I recalled that my grandfather had a friend named Peanut Jim who sold nuts to Reds fans at the ballpark. Opa had taught me that an entrepreneur finds a need and fills it, reports to no one. My husband had identified a need. His older brother was set to take over the farm one day anyway. Dennis would become an entrepreneur. After what had happened to my father and Opa in the brewing industry, I warmed to the notion that my husband might be less subject to losing a job.
“One of the best parts is this,” Dennis said, sounding serious. “Gunnison dealers get to offer financing. Veterans under the GI Bill require no down payment to buy. So if I couldn’t help the boys on the front line, my work could help them after they’re back.”
How I adored this man.
One day soon, though, we’d need to talk of my personal dreams. Of having children and my own job—of being useful both inside and outside our home.
“You and I will start a family, too.” He winked, and I gave him another big smile. He already understood some of my needs. I was a lucky girl.
As church bells rang again in the city, I bent my neck to face the warm sky—a sky as blue as Mother Glenn’s hydrangeas—while the odor of my own sweat lingered beneath my arms and confetti sprinkled my forehead like fat summer snowflakes.
Then I felt a familiar disappointing dampness coming on, one that meant I was spotting and hadn’t conceived.
CHAPTER THREE
May 1946
Nine months after V-J Day, we still weren’t holding an infant. Instead we stood on a concrete block foundation, overlooking a quarter acre of mud. It was Dennis’s new baby, the start of Gunnison Homes by Glenn, his dealership for prefabricated homes. Leading to the street was a line of wood planks marred by our own dirty footprints. In two weeks, a truck would deliver Dennis’s first model home in kit form: numbered joists, preassembled walls, shingles, furnace, and all. E
ven a white picket fence.
I was helping Dennis prepare for the grand opening. The model home’s lot was on Egbert Avenue in an up-and-coming Cincinnati neighborhood north of Clifton—while we now lived like misers in a twenty-five by thirty-foot flat. We had waved goodbye to the farm life for good.

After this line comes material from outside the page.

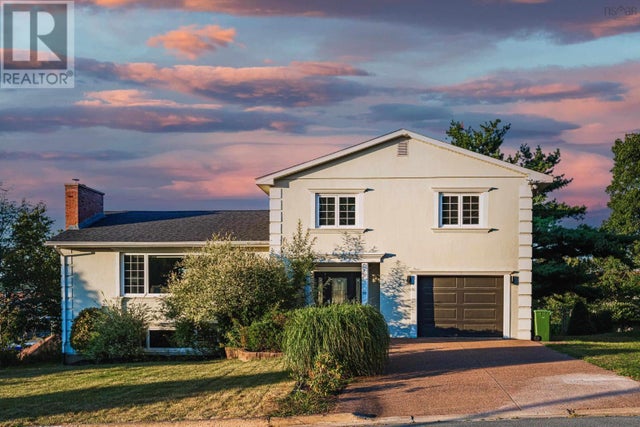 11 Laurentian Drive, Halifax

The weeks leading up to this day had been hectic for Dennis, what with finding and grading the lot, getting his first permits, hiring a crew that would erect the structure, and arranging for utility hookups. Dennis had asked for my help with budgeting and decor. So I’d postponed my job search. I worried about our financial risk, though. Dennis’s folks had given their grown children each cuts of a recent land sale. They’d sold off some acreage to an aircraft engine factory moving into the county. What if the business my husband invested in failed?

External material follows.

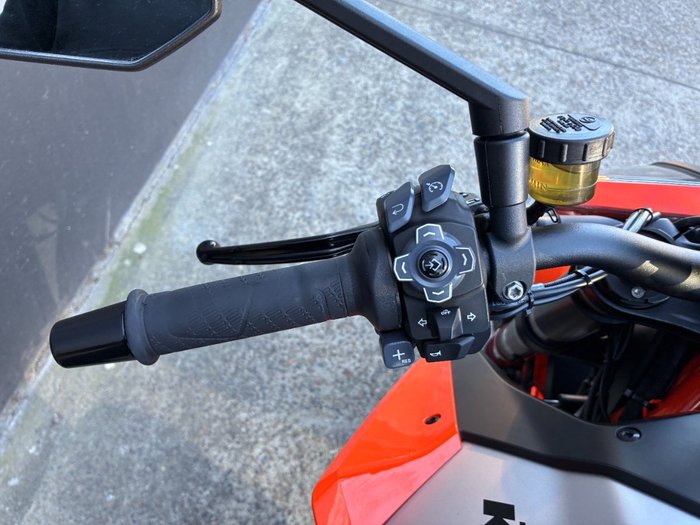 2023 Ktm 1290 SUPER DUKE R ORANGE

I spent my days at fabric shops, gathering up swatches of gingham and chintz, or catching sales at furniture stores. At night I studied the Gunnison manual and women’s magazines to glean what young families wanted. I imagined myself at the model home, rubbing the chromium toothbrush holders to a gleam or polishing the kitchen’s linoleum floor to a shine so perfect it’d reflect the new Frigidaire. It was all great fun. And useful. But it wasn’t enough for me. I needed to do something more to assure the company a commission—and to provide myself some money.

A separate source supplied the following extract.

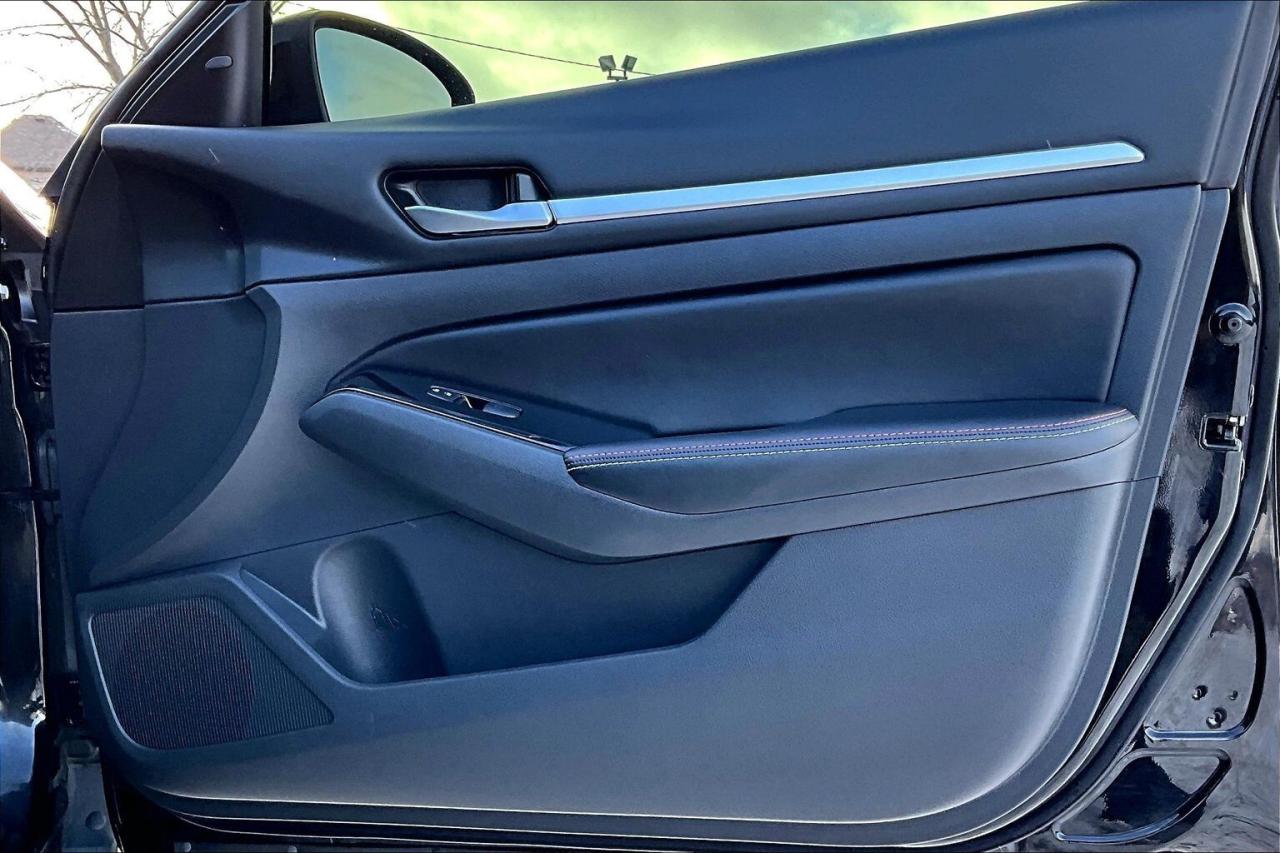 2024 Nissan Altima SR | Heated Leather | Sunroof | SafetyTech | AWD Photo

The next morning, Dennis and I drank coffee in our kitchenette within view of our bed and a few feet from our couch. I said, “There’s more I can do for the business than make things pretty. I’ve read the Gunnison dealer’s manual twice.”
“I’m all ears,” he said. He’d finished his bowl of Cheerios and lit up a smoke.
“Advertising and mailings,” I said, tightening the ties of my robe, nervous. “Things to get the word out. Gunnison’s budget already allows for modest spending.” Besides, I had seen at Kroger how well-timed newspaper ads and mailers sent droves of customers to the store. Could it work for our grand opening?